9/11 and True Adventism



Without a doubt, the aerial attack on the Twin Towers in Manhattan on September 11, 2001, was one of the most impactful and far-reaching tragedies in modern times.  The ineffable visual of charcoal billows emanating from gaping apertures in the slim steel skyscrapers still haunts millions of psyches a decade later.  The thousands of innocent dead and the residual trauma their deaths visited upon relatives, friends, and the wider nation and world are immeasurable.  Also incalculable are the casualties of the warfare, hostilities, panic, depression, terror and stresses that all congregated to form a nightmarish sequelae to the dark morning of 9/11.

In the United States, Americans’ immediate reactions to the attacks were varied.  Many wept. Many despaired. Many fretted. Many were paralyzed. Some doubted.  Some gawked. Some rejoiced. Some hid.

The reactions among Seventh-day Adventists in the United States undoubtedly mirrored those of their fellow citizens, but with an important twist.  Adventists experienced the pain and distress from loss of human lives and the extensive mayhem that the attacks wrought, but saw more: the spiritual ramifications of such unbridled malevolence.  Specifically, 9/11 was an omen of the end of the world, a day that ushered in almost universal terror, incessant warfare, economic turmoil and fractious hatred.

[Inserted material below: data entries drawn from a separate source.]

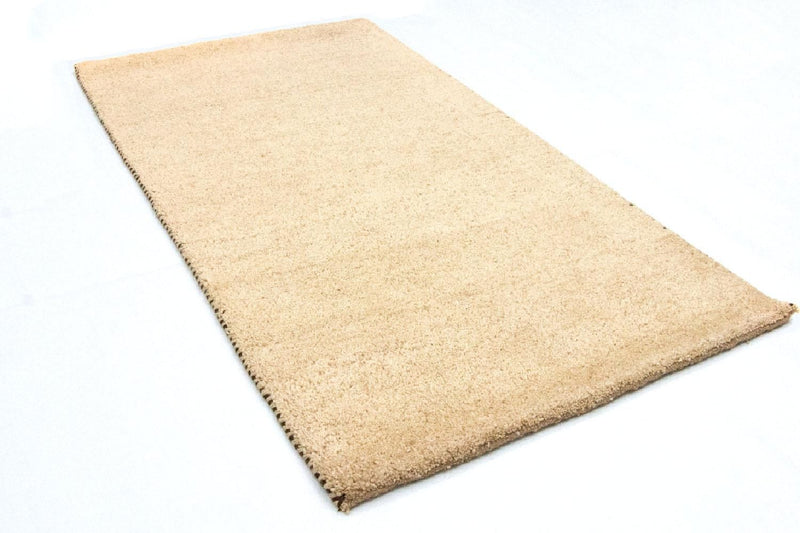 Alfombra Gabbeh - Indus - 164 x 90 cm - beige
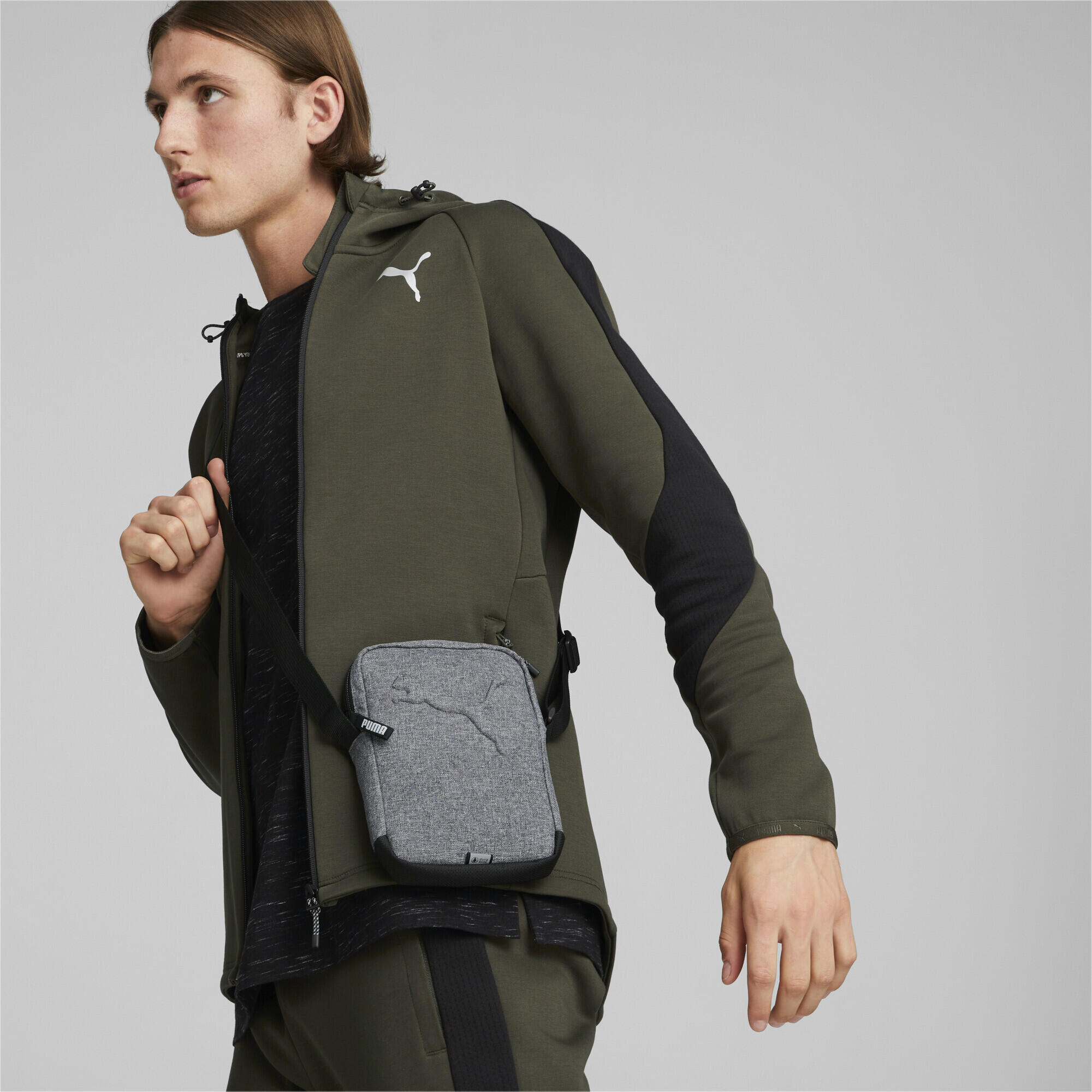 Sac à bandoulière PUMA Buzz PUMA Medium Gray Heather 2/7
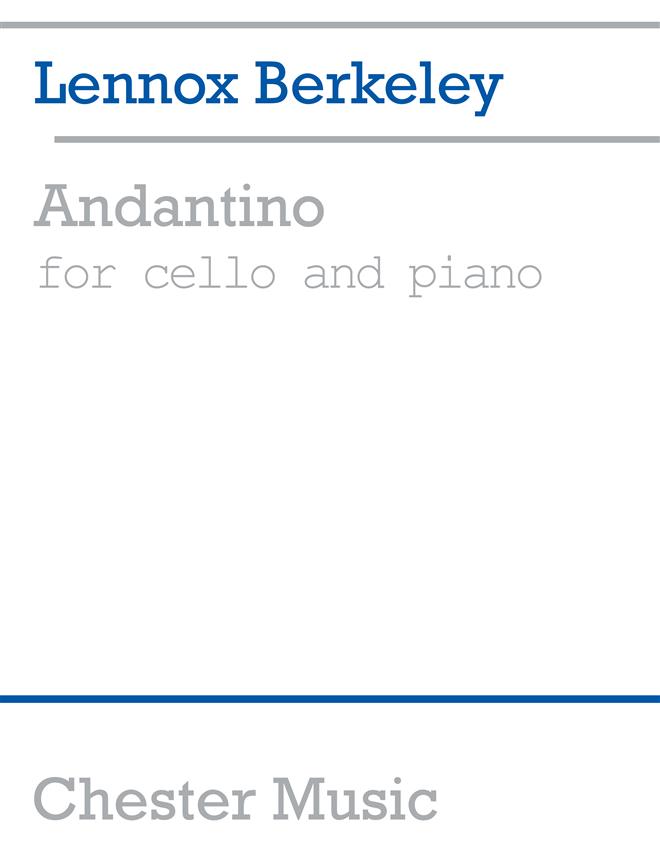 Andantino, Op.21/2a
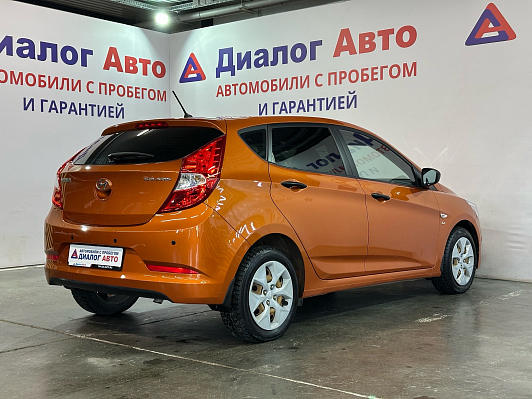 Hyundai Solaris Comfort, 2015 года, пробег 81040 км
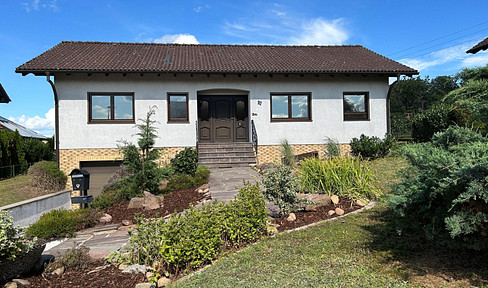 House with a garden.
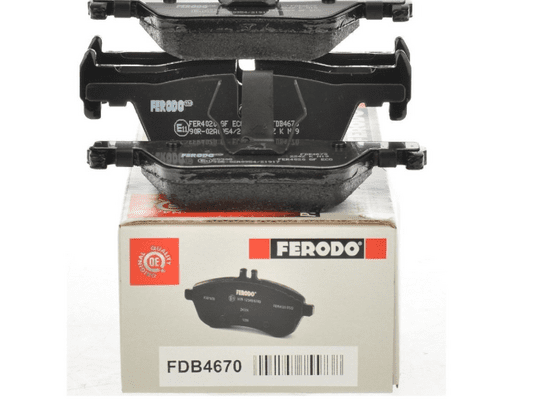 FERODO | Bmw F36 Gran Coupe 418d Arka Fren Balata Takımı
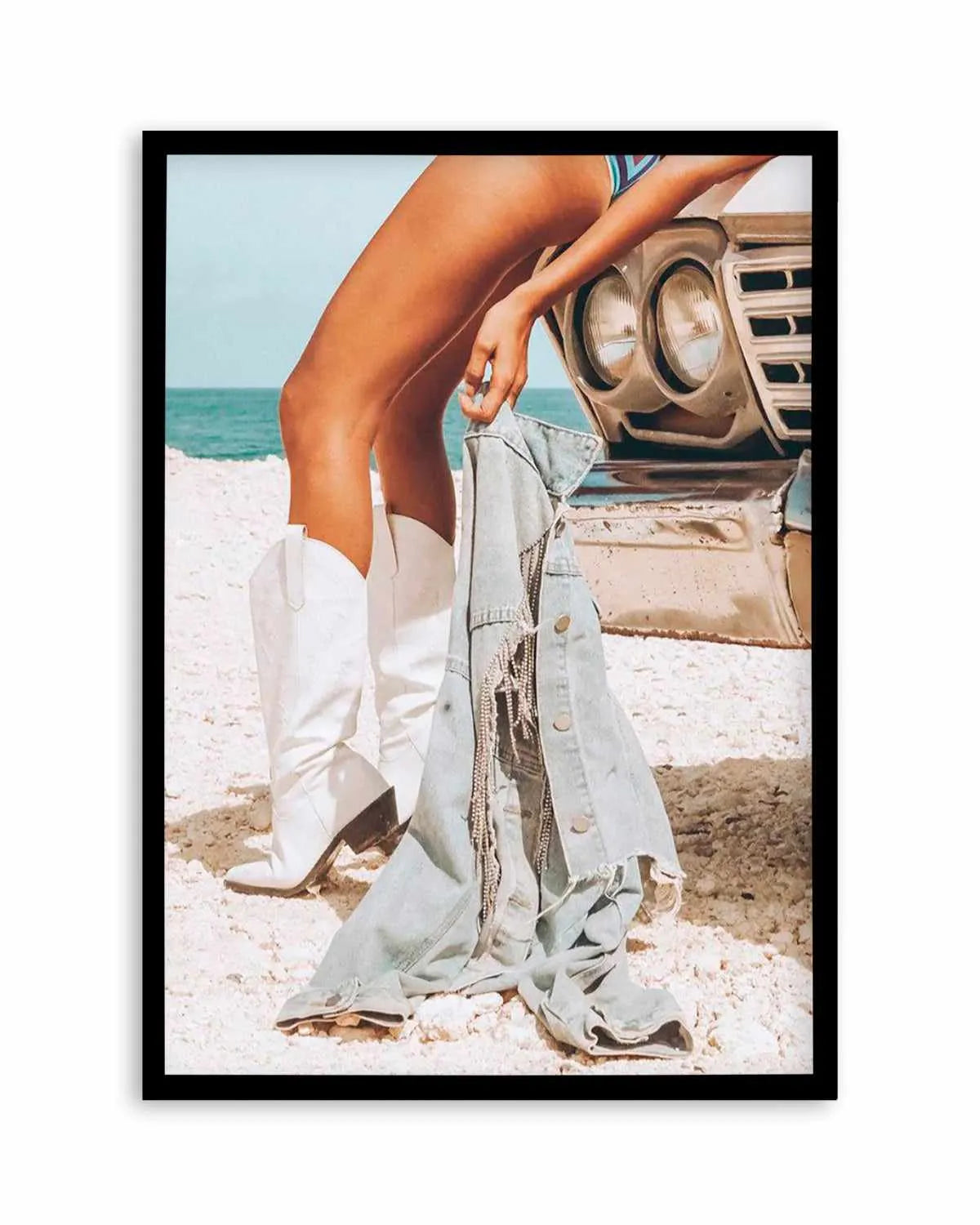 Cali Days I PT by Amy Hallam Art Print from Olive et Oriel where you can shop wallpaper and artworks online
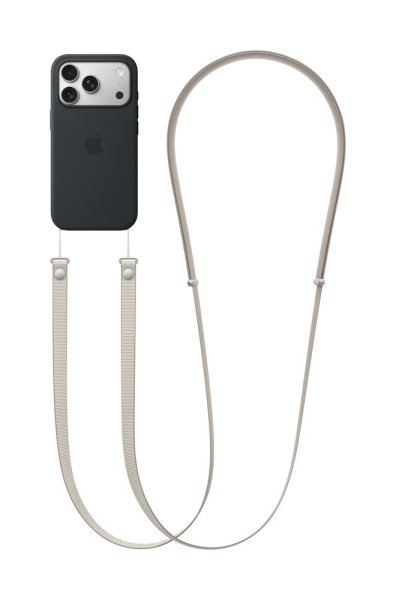 Apple Crossbody Band, Mandel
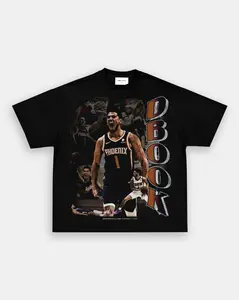 DEVIN BOOKER TEE, Classic 90s Graphic Tee - Unisex - Vintage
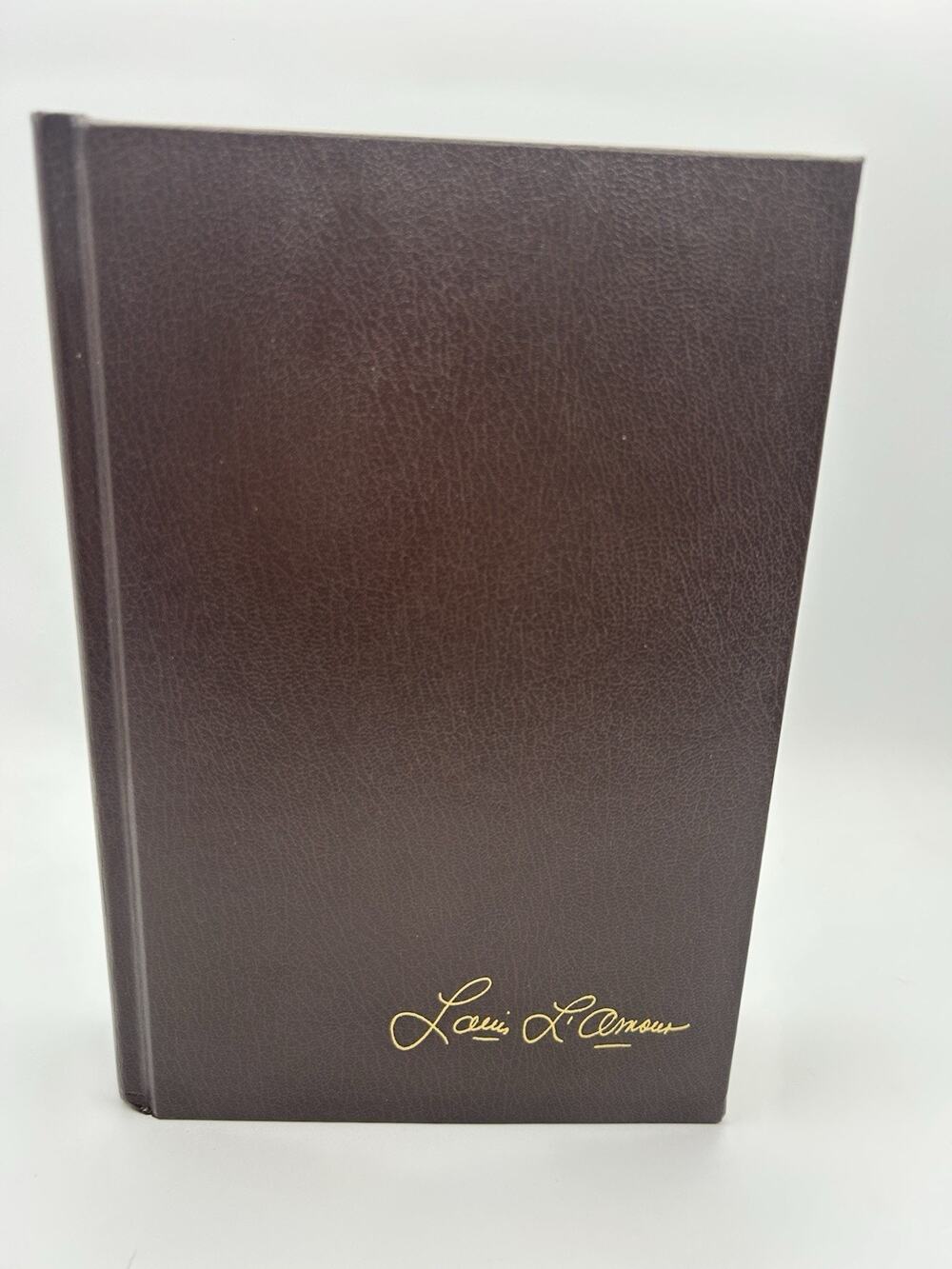 The Lonesome Gods — Bantam 1st Ed., 1984 - Louis L’Amour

But a group of young people from a small college in Huntsville, Alabama, truly reflected the spirit of Adventism in their response to 9/11.  No sooner had the commandeered planes connected to the steel and glass of One World Trade Center than Dr. Anthony Paul and a dozen students from a group called the National Association for the Prevention of Starvation (NAPS) at Oakwood University filed into cars and drove 24 hours non-stop to New York City with no other plan than to be there and do whatever they could for those suffering. 

Upon NAPS's arrival, after miraculously being allowed in to the cordoned-off perimeters marking the devastation, the Oakwoodites marched, played music, hugged, and prayed for the disconsolate amid the unspeakable backdrop of smoke and rubble and death.  Quietly, humbly, but with dignity and courage, the youth of NAPS showed a world in unspeakable pain not only what Adventism was really about, but what the heart of Jesus was really about.

As time progresses and calamity and devastation mount--which they inevitably will--Seventh-day Adventists are in a prime position to be frontrunners in alleviating and ministering to the precious people ravaged by nature and humanity's caprice.  Adventists are in such a position simply because of the good news they have been mercifully entrusted with of a Savior who loves and cares, a Savior who is right now laying the careful foundation for a glorious and final termination of suffering, destruction, misery and death.  It is this realization that spurs God’s people to help with hope, to assist with assurance, to minister with a message.